Bauern- und Winzerverband Rheinland-Nassau e.V.

04.01.2017 - Nitrat-Bericht

Präsident Horper weist Kritik an Landwirtschaft zurück

Koblenz. Enttäuscht zeigte sich der Präsident des Bauern- und Winzerverbandes Rheinland-Nassau, Michael Horper, über die jüngsten Äußerungen der rheinland-pfälzischen Umweltministerin Ulrike Höfken zur Veröffentlichung des Nitrat-Berichtes der Bundesregierung. „Es wird nach wie vor der Eindruck erweckt, dass die Landwirtschaft als Hauptverursacher der Nitratbelastung im Grundwasser der schwarze Peter ist“, erklärte er anlässlich einer Präsidiumssitzung des Bauern- und Winzerverbandes Rheinland-Nassau kurz vor Jahreswechsel in Simmern. „Ich kann die Kritik beim besten Willen nicht nachvollziehen, denn der aktuelle Nitrat-Bericht zeigt gerade für unser Verbandsgebiet eine deutlich abnehmende Tendenz der Nitratbelastung im Grundwasser.“

Auf den meisten landwirtschaftlichen Böden benötige die Verlagerung von Nitrat bis zu 20 Jahre, um sich im Grundwasser merklich auszuwirken. Obwohl die Erfolge der Düngeverordnung aus dem Jahre 2007 noch nicht deutlich erkennbar seien, würden bereits seit Jahren neue verschärfte Vorgaben diskutiert und in diesem Jahr eine Novellierung dieses Gesetzes verabschiedet. Die Landwirte würden mit der Natur arbeiten und da brauche man halt Geduld. Populismus und politischer Übereifer seien hier absolut fehl am Platz. Dort wo allerdings lokale Fehlentwicklungen zu erkennen seien, müssten erst die Ursachen analysiert und anschließend sinnvolle Lösungsmöglichkeiten erarbeitet werden.

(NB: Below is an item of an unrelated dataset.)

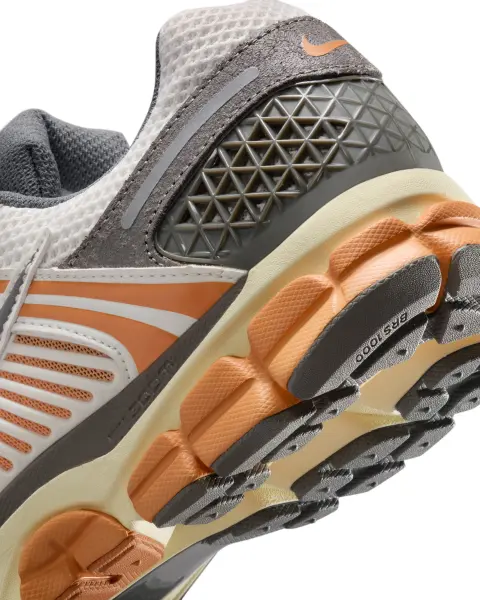 Кросівки Nike ZOOM VOMERO 5 бежево-сіро-помаранчеві IB7469-030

Horper begrüßte, dass im neuen Nitrat-Bericht erstmals ein verändertes Messstellennetz verwendet wurde, das einen deutlich repräsentativeren Zustand der Gewässer, auch in Rheinland-Pfalz, widerspiegele. Anhand der aktuellen Daten werde deutlich, dass die vielfältigen Bemühungen der Landwirtschaft zur Reduktion von Nitrat im Grundwasser Früchte zeigten. Genauso wie in anderen Wirtschaftsbereichen, wie beispielsweise in der Automobilindustrie, werde der technologische Fortschritt von den Landwirten konsequent genutzt, um gerade im sensiblen Umweltbereich Verbesserungen zu erreichen. Die strikte Einhaltung gesetzlicher Regelungen trage ebenso wie die Nutzung modernster Techniken und die zunehmende Sensibilisierung der Landwirte dazu bei, dass die Messwerte an vielen, insbesondere als belastet geltenden Grundwassermessstellen zurückgegangen seien. So seien nicht nur die Stickstoffüberschüsse in den letzten Jahren deutlich reduziert worden, sondern vor allem trügen die Landwirte durch freiwillige Maßnahmen (z.B. durch Anlegen von Gewässerrandstreifen und Teilnahme an Agrarumweltprogrammen) dazu bei, unerwünschte Einträge von Nitrat und auch Phosphat in Grund- und Oberflächengewässer weiter zu reduzieren.

Der Berufsstand sei mit der Wasserwirtschaft in Rheinland-Pfalz zudem im ständigen Dialog, um die Qualität von Oberflächen- und Grundwasser in Rheinland-Pfalz im Zuge der EU-Wasserrahmenrichtlinie weiterhin in einem optimalen Zustand zu erhalten und zu verbessern. „Damit erbringen die Landwirte einen wichtigen Beitrag für die Allgemeinheit und nehmen vielfach Einkommenseinbußen und Mehrarbeit in Kauf.“ Vor diesem Hintergrund forderte Horper Umweltministerin Ulrike Höfken auf, die Leistungen der Landwirtschaft für eine vielfach exzellente Wasserqualität in Rheinland-Pfalz endlich anzuerkennen.